TET2 mutations are present in 28% of chronic NK-LGL leukemia and TET2 promoter methylation is also detected.
TET2 and STAT3 mutated singly or co-mutated are associated with distinct patterns of cytopenias as well as response to immunosuppressives.
Chronic natural killer large granular lymphocyte (NK-LGL) leukemia, also referred to as chronic lymphoproliferative disorder of NK cells (CLPD-NK), is a rare disorder defined by prolonged expansion of clonal NK cells. Similar prevalence of STAT3 mutations in chronic T- and NK-LGL leukemia is suggestive of common pathogenesis. We undertook whole genome sequencing to identify mutations unique to NK-LGL leukemia. We analyzed the results to develop a resequencing panel and applied it to 58 patients. PI3K pathway gene mutations (PIK3CD/PIK3AP1) and TNFAIP3 mutations were seen in 5% and 10% of patients, respectively. TET2 was exceptional in that mutations were present in 16/58 (28%) of patient samples, with evidence that TET2 mutations can be dominant and exclusive to the NK compartment.
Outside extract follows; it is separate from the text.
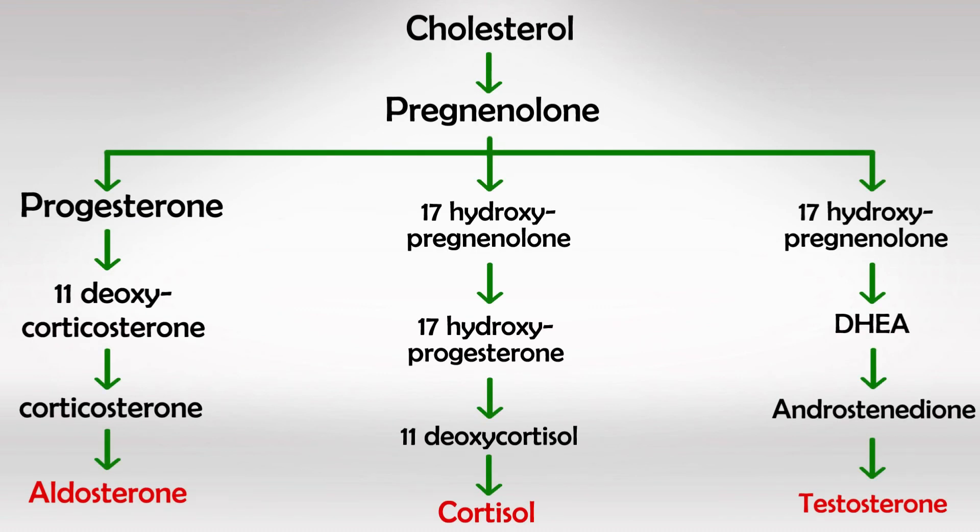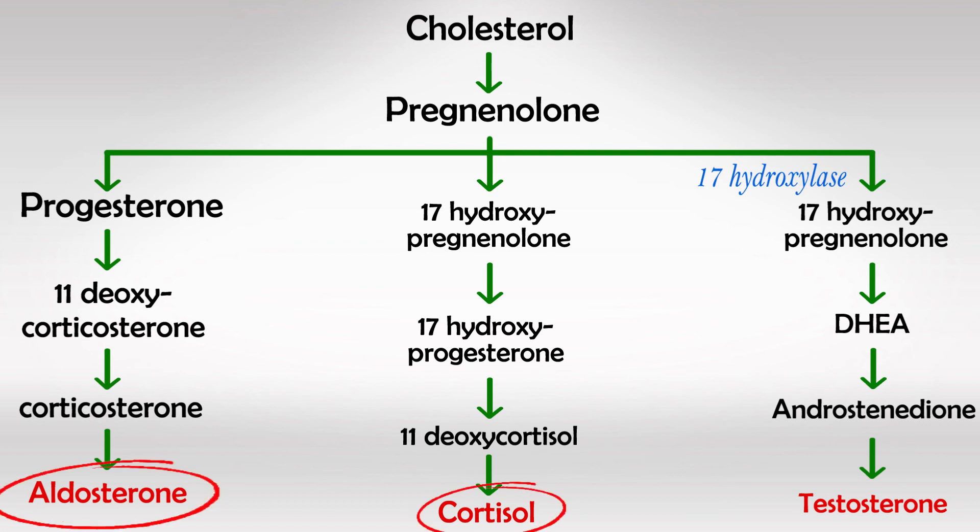And finally, we have 17-alpha-hydroxylase deficiency. These patients have a deficiency in the enzyme that results in the synthesis of sex hormones, so they will have normal aldosterone and cortisol levels, but low estrogen and testosterone levels. Because the sex hormones are low, the cycle will start again and again in a desperate effort to increase sex hormones. This will result in overproduction of aldosterone and cortisol. Aldosterone being important because it will cause hypertension, and since aldosterone increases sodium and decreases potassium, these patients will also have hypokalemia.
Reduced-representation bisulfite sequencing (RRBS) demonstrated that methylation patterns were significantly altered in TET2-mutant samples. The promoter of TET2 and that of PTPRD, a negative regulator of STAT3, were found to be methylated in additional cohort samples, largely confined to the TET2 mutant group. Mutations in STAT3 were observed in 19/58 (33%) of patient samples, seven of which had concurrent TET2 mutations. Thrombocytopenia and resistance to immunosuppressives were uniquely observed in those patients with only TET2 mutation (Games-Howell p=0.0074, Fisher's exact p=0.00466, respectively). Patients with STAT3 mutation, inclusive of those with TET2 co-mutation, had lower hematocrit (HCT), hemoglobin (HGB), and absolute neutrophil count (ANC) compared to STAT3 wild-type patients (Welch's t-test, p<=0.015). We present the discovery of TET2 mutations in chronic NK-LGL leukemia and evidence that it identifies a unique molecular subtype.